Zelensky had his chance at redemption during the start of the Russian invasion, and it seems that he has redeemed himself tenfold. The actor turned President has utilized his skills as a performer in managing the Ukrainian crisis. From his selfie videos on the streets of Kyiv, reaffirming the people on the war, to endearing speeches at international gatherings – he got the world to support Ukraine.

Old photo of Ukrainian President Zelensky visiting the frontlines in Donbass, 2021 (Asaad Hanna Twitter Account).

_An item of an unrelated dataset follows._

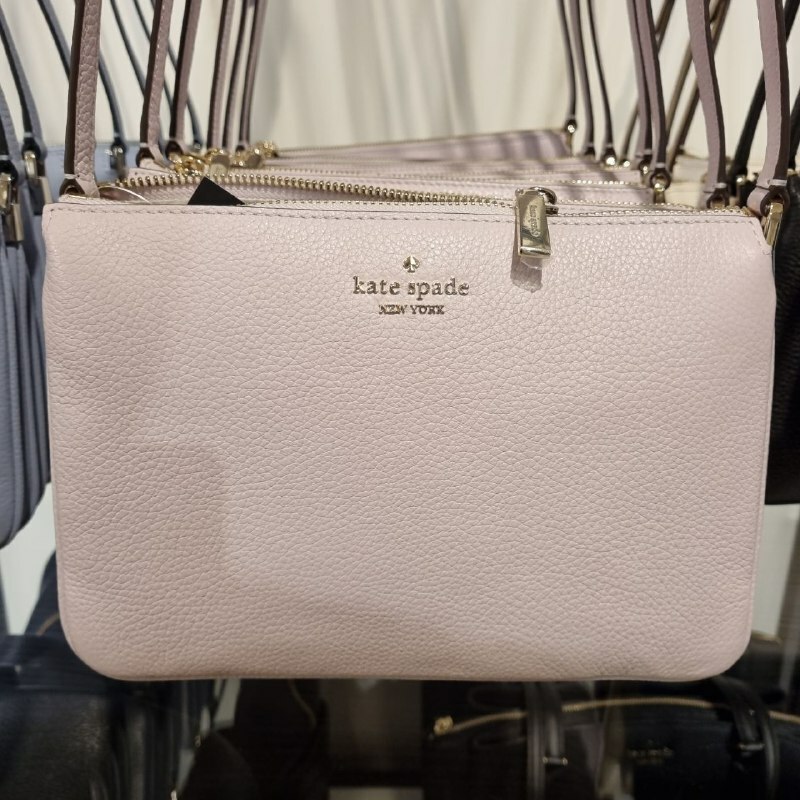 [S] KATE SPADE WKR00448 LEILA PEBBLED LEATHER TRIPLE GUSSET CROSSBODY,LILAC MOON, 196021438905 (SKS1019)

Source: https://twitter.com/AsaadHannaa/status/1496963117288468483?ref_src=twsrc%5Etfw%7Ctwcamp%5Etweetembed%7Ctwterm%5E1496963117288468483%7Ctwgr%5E%7Ctwcon%5Es1_&ref_url=https%3A%2F%2Fwww.altnews.in%2Fold-photos-of-ukrainian-pres-shared-as-him-joining-the-fight-against-russia%2F
Old photo of Ukrainian President Zelensky visiting the frontlines in Donbas, 2021 (Asaad Hanna (@AsaadHannaa) Twitter Account)

Zelensky has made the war his stage, and the rest of the world his captivated audience. “Politics, particularly politics today, is a game of performance,” said Samuel Woolley, an assistant professor in the University of Texas at Austin’s School of Journalism, in a statement to The Washington Post. “It’s a game of knowing what to say and when and how, and Zelensky seems to be hitting the nail on the head here.”

Amidst all his work on social media and the international stage, arguably Zelensky’s most important contribution is staying in Ukraine. It can be remembered that Zelensky has a bounty on his head and was pursued by Chechen special forces to assassinate him, which was later allegedly thwarted. He was offered an evacuation plan by the United States, to which he refused, stating, “The fight is here; I need ammunition, not a ride.”